Era María, su nana, quien la había visto crecer y la había cuidado con amor en sus momentos más tristes. Cuando era pequeña y tenía miedo a la oscuridad, María se había quedado a cantarle. Cuando no tenía amigos con quien jugar, María le había organizado desfiles con ropa de su mamá, probablemente de allí venía su sueño de ser modelo. Además, María había confiado en ella. Jamás iba a olvidar cuando le había dicho, con lágrimas en sus ojos y su rostro opaco por su enfermedad, que era la niña más buena que había conocido, que se sentía orgullosa de ella.

Antes de entrar al cementerio, Sara fue a comprar un ramo gigante de rosas blancas, el color favorito de María. Era tan grande que tuvieron que llamar a un ayudante para que lo llevara hasta la tumba de su nana.

María Méndez (1955-2005) decía su tumba, Sara sintió que sus piernas temblaban como gelatina y se dejó caer al suelo sin importarle llenar de barro su ropa. Luego de dejar el ramo, el ayudante se acercó para ayudarla a levantarse, pero ella negó con la cabeza, sacó dinero y se lo pasó agradeciendo por su ayuda.

—Nana, te extraño... —las lágrimas empezaron a deslizarse por sus mejillas.

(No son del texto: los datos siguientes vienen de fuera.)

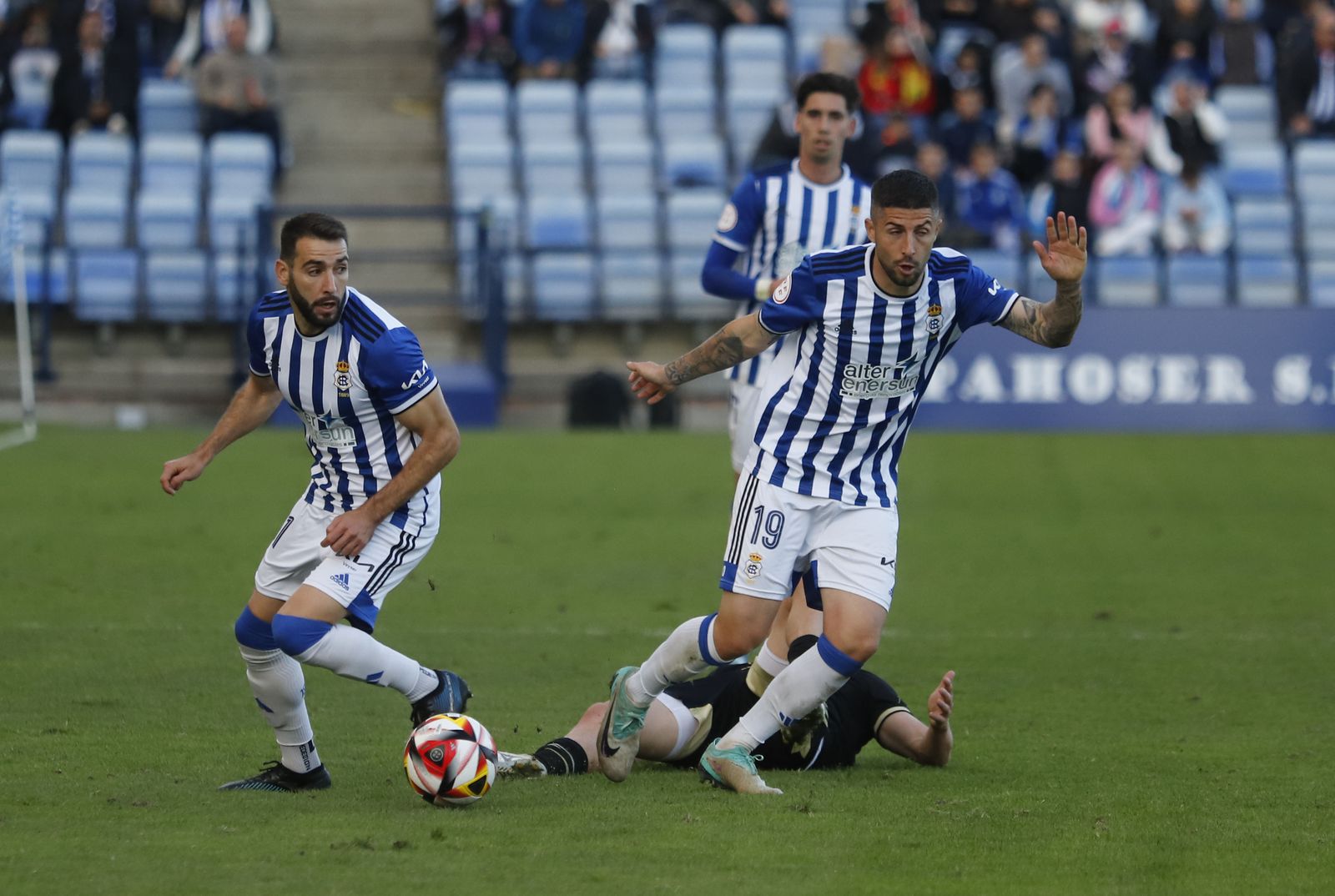 Imágenes del encuentro entre el Recreativo de Huelva y el Real Murcia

En la tumba había un pequeño ramo de flores también blancas, probablemente habían sido llevadas allí por caridad y eso hizo que se sintiera aún peor. ¿Quién la iría a visitar, de todos modos? María había vivido con ellos todo ese tiempo porque no le había quedado nadie, toda su familia había muerto en un terremoto. Gaspar fue quien la ayudó a conseguir el trabajo con ellos cuando su mamá había quedado embarazada, desde ese momento había sido tratada como una miembro más de la familia. María siempre había sido especial, todo quien la había conocido la había amado, aunque nadie tanto como ella.

—Si estuvieras aquí todo sería tan diferente. No estaría tan sola como lo estoy, ni me habría equivocado tanto... —Sara se sentó sobre el prado al lado del sepulcro y dobló sus piernas para abrazarlas—. ¿Por qué no has vuelto a mis sueños, nana? Me abandonaste al igual que todos, justo cuando más te necesito...

Sara cerró sus ojos apoyando la frente en sus rodillas y empezó a contar en voz baja todo lo que había sucedido en su vida desde su última visita. Ella jamás había sido muy religiosa, no sabía qué clase de oraciones se decían al estar allí, pero todo lo que decía salía de su corazón y eso debía significar algo.

—Sabía que te podía encontrar aquí —dijo alguien a su lado. Sara levantó su cabeza y vio que era Felipao.

—¿Te enviaron a buscarme? —preguntó mientras se limpiaba las lágrimas con el cárdigan.